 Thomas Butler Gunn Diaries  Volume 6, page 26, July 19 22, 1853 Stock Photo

* * *

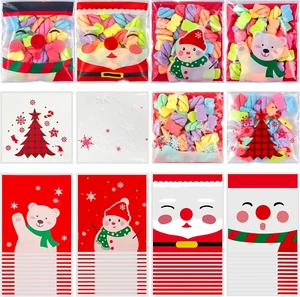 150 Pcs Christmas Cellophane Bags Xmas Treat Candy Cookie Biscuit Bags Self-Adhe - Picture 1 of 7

...

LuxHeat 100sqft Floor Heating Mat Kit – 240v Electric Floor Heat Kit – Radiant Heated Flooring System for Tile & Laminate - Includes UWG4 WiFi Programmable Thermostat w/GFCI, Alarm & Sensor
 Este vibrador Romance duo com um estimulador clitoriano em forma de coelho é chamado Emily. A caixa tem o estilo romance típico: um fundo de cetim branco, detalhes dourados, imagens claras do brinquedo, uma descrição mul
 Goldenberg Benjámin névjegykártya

What is required:
In the listing above, find the line with "LuxHeat 100sqft Floor" and the line with "Goldenberg Benjámin névjegykártya", then reproduce both and every line between them exactly.

Answer below:
LuxHeat 100sqft Floor Heating Mat Kit – 240v Electric Floor Heat Kit – Radiant Heated Flooring System for Tile & Laminate - Includes UWG4 WiFi Programmable Thermostat w/GFCI, Alarm & Sensor
 Este vibrador Romance duo com um estimulador clitoriano em forma de coelho é chamado Emily. A caixa tem o estilo romance típico: um fundo de cetim branco, detalhes dourados, imagens claras do brinquedo, uma descrição mul
 Goldenberg Benjámin névjegykártya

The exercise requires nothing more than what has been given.